March 14 (Bloomberg) -- U.S. Gulf Coast gasoline weakened against futures for the first time in three days as Phillips 66 and Valero Energy Corp. returned units to service at refineries in Texas.
Valero’s Port Arthur plant boosted equipment to planned rates following a power interruption, said Bill Day, a San Antonio-based company spokesman, who didn’t specify which units were involved. A 57,000-barrel-a-day hydrocracker is still shut for compressor repairs, he said in an e-mail today.
Phillips 66 yesterday completed maintenance on the No. 40 fluid catalytic converter’s wet gas compressor at the Borger refinery. The work was expected to last from March 4 to March 11, according to a filing with the Texas Commission on Environmental Quality.
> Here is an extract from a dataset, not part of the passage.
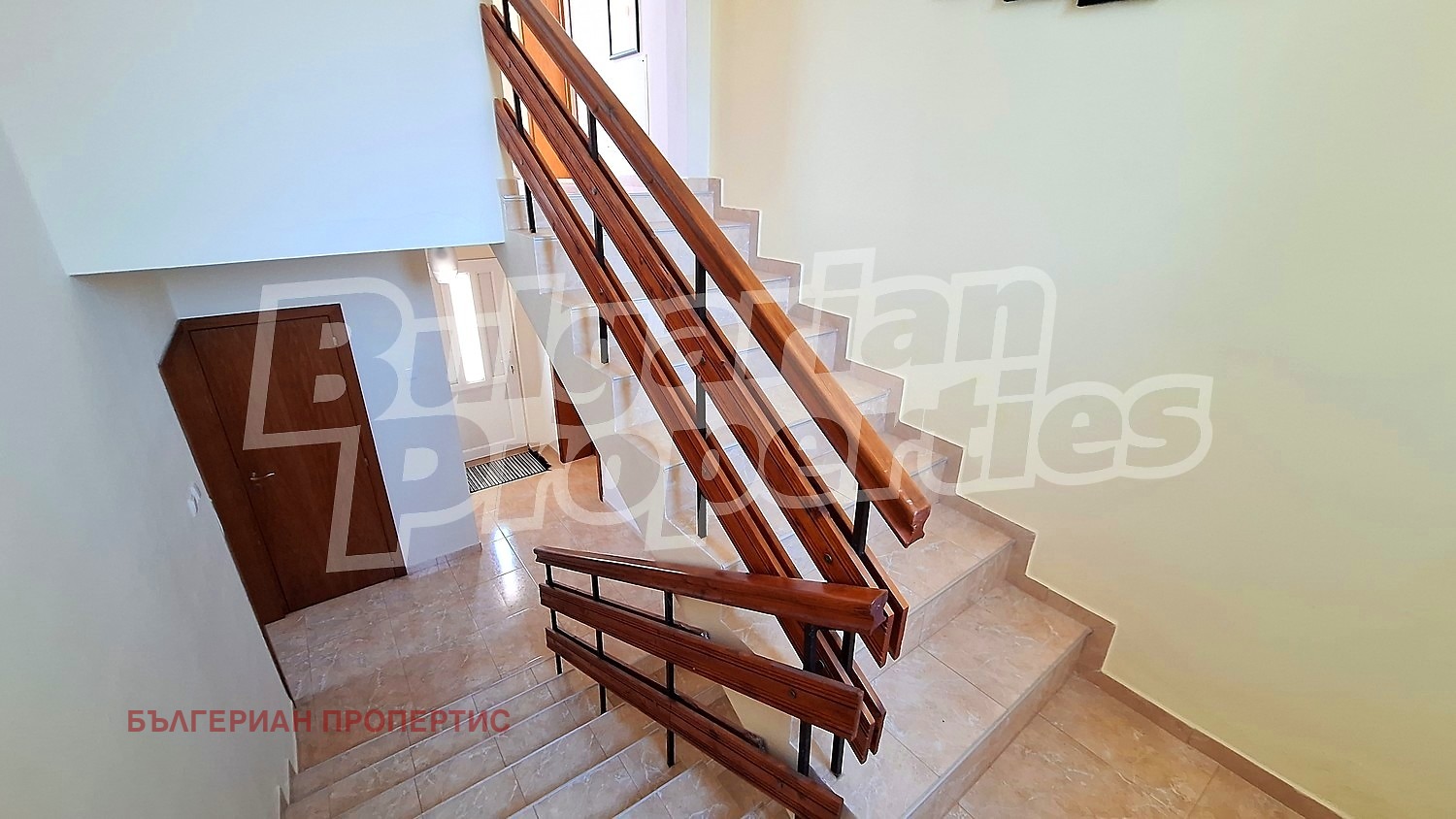 Продава КЪЩА, гр. Балчик, област Добрич, снимка 13 - Къщи - 55694362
Conventional, 87-octane gasoline on the Gulf weakened 0.62 cent to a discount of 19.25 cents a gallon below futures traded on the New York Mercantile Exchange at 1:52 p.m. Reformulated gasoline, or RBOB, slid 0.5 cent to a discount of 16.25 cents a gallon. Ultra-low-sulfur diesel was at a 6-cent premium to heating oil futures after falling 1.5 cents.
The 3-2-1 crack spread on the Gulf, a measure of refining profitability for gasoline and diesel fuel based on West Texas Intermediate in Cushing, Oklahoma, slipped $1.02 to $31.21 a barrel. The same spread for Light Louisiana Sweet oil dropped $1.73 to $10.71 a barrel.
The Borger and Port Arthur refineries have a combined capacity of 456,000 barrels per day, according to data compiled by Bloomberg.